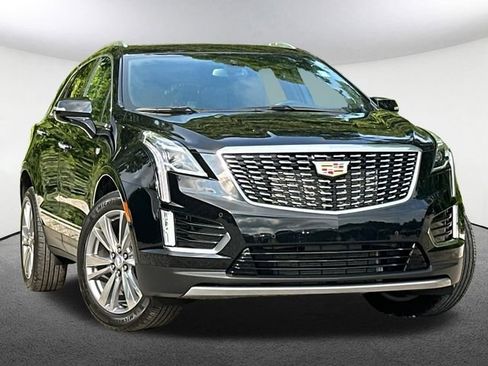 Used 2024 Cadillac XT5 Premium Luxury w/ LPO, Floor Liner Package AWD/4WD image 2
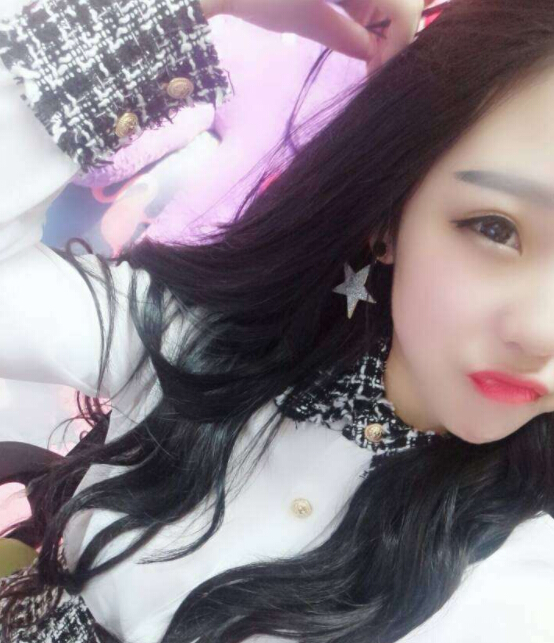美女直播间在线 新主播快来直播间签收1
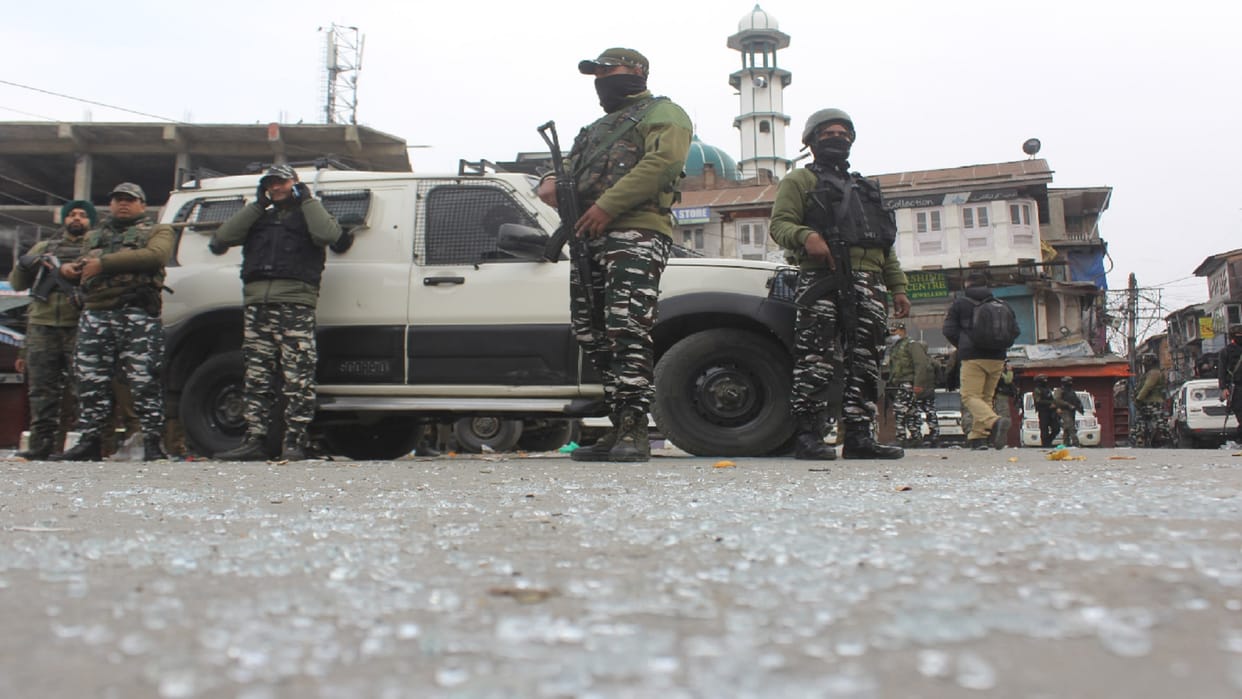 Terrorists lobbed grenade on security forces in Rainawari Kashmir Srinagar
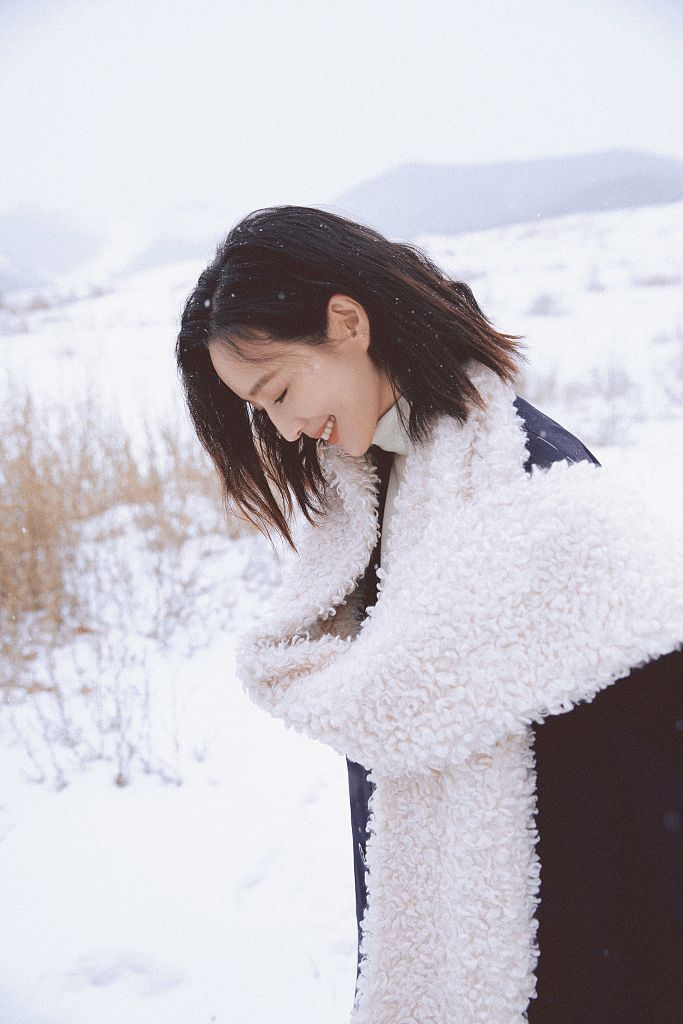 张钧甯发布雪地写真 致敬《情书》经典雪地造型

=====

Return the material exactly as given above, picture-free.

Task result =>
 Used 2024 Cadillac XT5 Premium Luxury w/ LPO, Floor Liner Package AWD/4WD image 2
美女直播间在线 新主播快来直播间签收1
 Terrorists lobbed grenade on security forces in Rainawari Kashmir Srinagar
 张钧甯发布雪地写真 致敬《情书》经典雪地造型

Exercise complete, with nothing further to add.